[cairo] Proposal to disable PDF and PS backends by default for 1.0

Owen Taylor otaylor at redhat.com
Wed Aug 24 07:11:19 PDT 2005

On Wed, 2005-08-24 at 14:46 +0100, Gustavo J. A. M. Carneiro wrote:
>   Hello,
> On Wed, 2005-08-24 at 05:12 -0700, Carl Worth wrote:
> > As sad as it is to do so, I think the right thing to do at this point
> > is to disable-by-default the PDF and PostScript backends and mark them
> > as experimental in the 1.0 release notes. This is definitely a shame
> > as we won't have a solid implementation of display-and-print in 1.0,
> > but we still have a solid story about where we're headed in that area.
> > 
> > And I think it's actually better to avoid advertising as complete
> > backends that just aren't quite there yet.
> > 
> > I think the important thing here is to look at 1.0 for what it
> > is---the beginning---and move forward quickly to lots of improved
> > versions of cairo down the road.
>   As much as I admire your desire to have a perfect 1.0 implementation,
> when deciding whether GNOME 2.12 would adopt gtk+ 2.8 with cairo, you
> said[1]:
> 	"I just updated the ROADMAP[1] to reflect our current plans, which is
> 	  that all API _changes_ are scheduled for an as-soon-as-possible 0.6,
> 	leaving just a couple of API additions on the 1.0 roadmap."
>   Well, removing PDF/PS backends is a _huge_ API break, but you were
> supposed to only make API _additions_ after 0.6 release.

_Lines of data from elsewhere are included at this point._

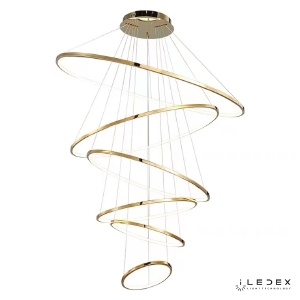 Подвесная люстра Axis 10112P/6-167W-3000K (12/10/8/6/6/4) BR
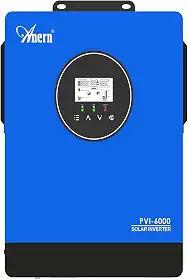 Inversor solar de 6000W 48V CC a 220-240 VCA, inversor de onda senoidal pura com controlador de carga MPPT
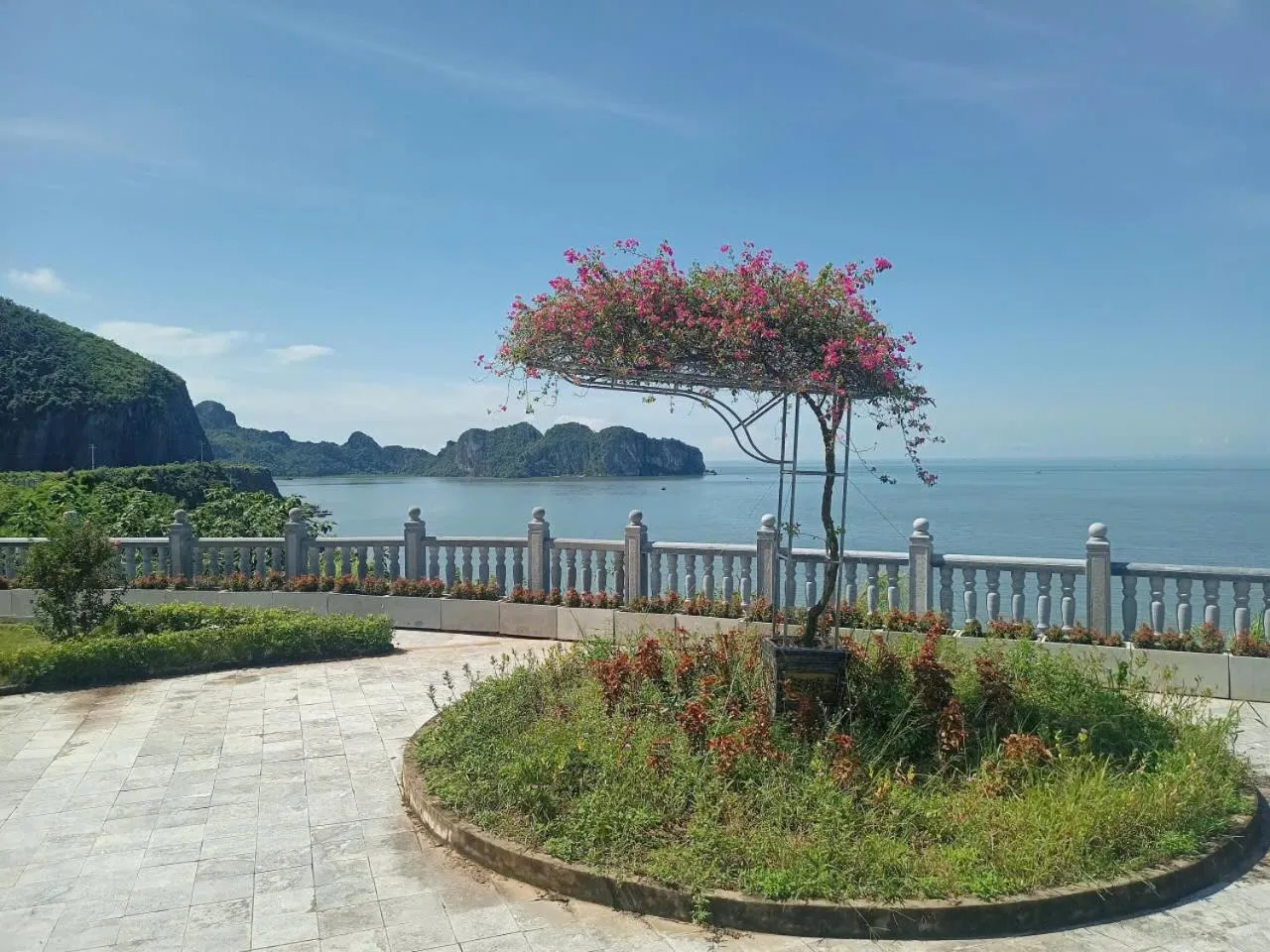 Natural landscape in catba island hotel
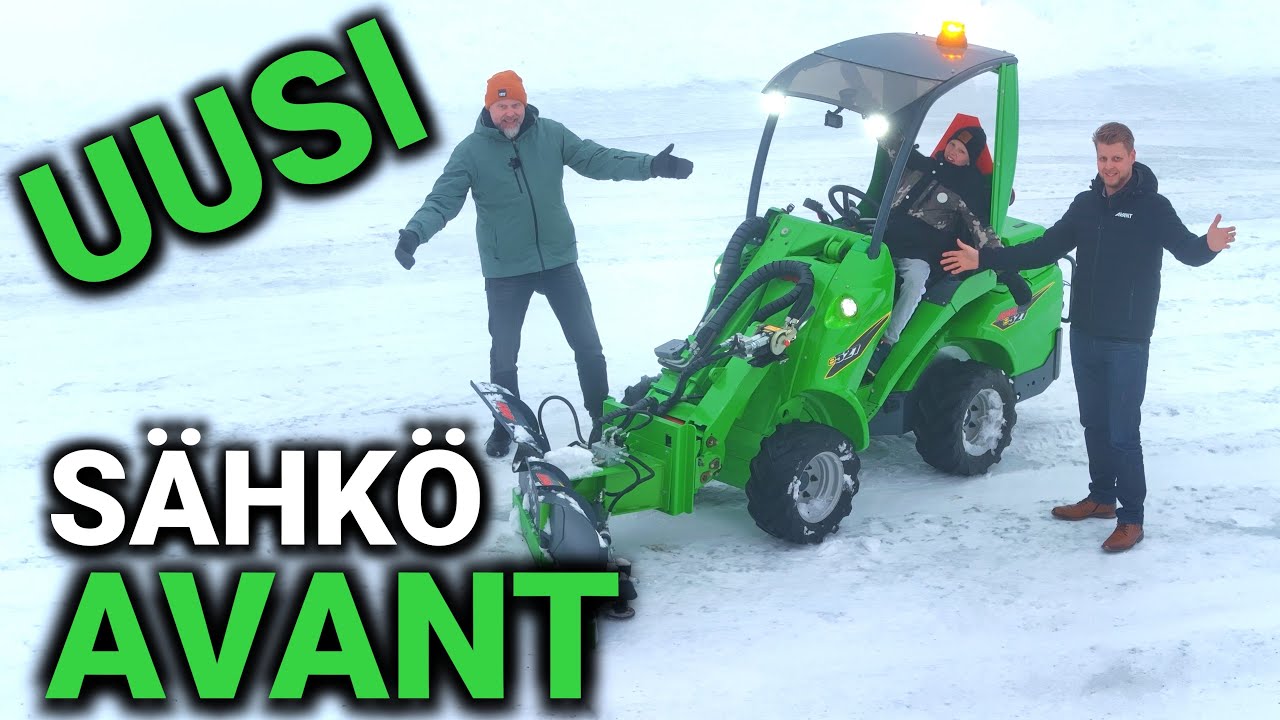 480. Suomalainen sähkö-Avant e500-pienkuormaaja on loppuunmyyty jo julkaisuhetkellä!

There is a context for every statement; Cairo is structured as a core
API and a swarm of backends. There are some backends that are clearly
unstable (Quartz) or depend upon unstable libraries (XCB, glitz).
We can't make API guarantees there. On the other hand, for the 
parts of the API that GTK+ is depending on we can make a very
solid API guarantees.

The basic fact is that these backends don't really fully work. On,
say, a Fedora system (where the default Sans-Serif font is the 
postscript version of Luxi Sans), drawing with either the PDF or
PS backend will produce no output, since Type1 font embedding
code isn't there yet.

I don't think this is a black and white question. When balancing
the problem of someone trying to use the PDF or PS backend and
getting frustrated when things don't work or it crashes versus
the partial utility we have now, I could go either way.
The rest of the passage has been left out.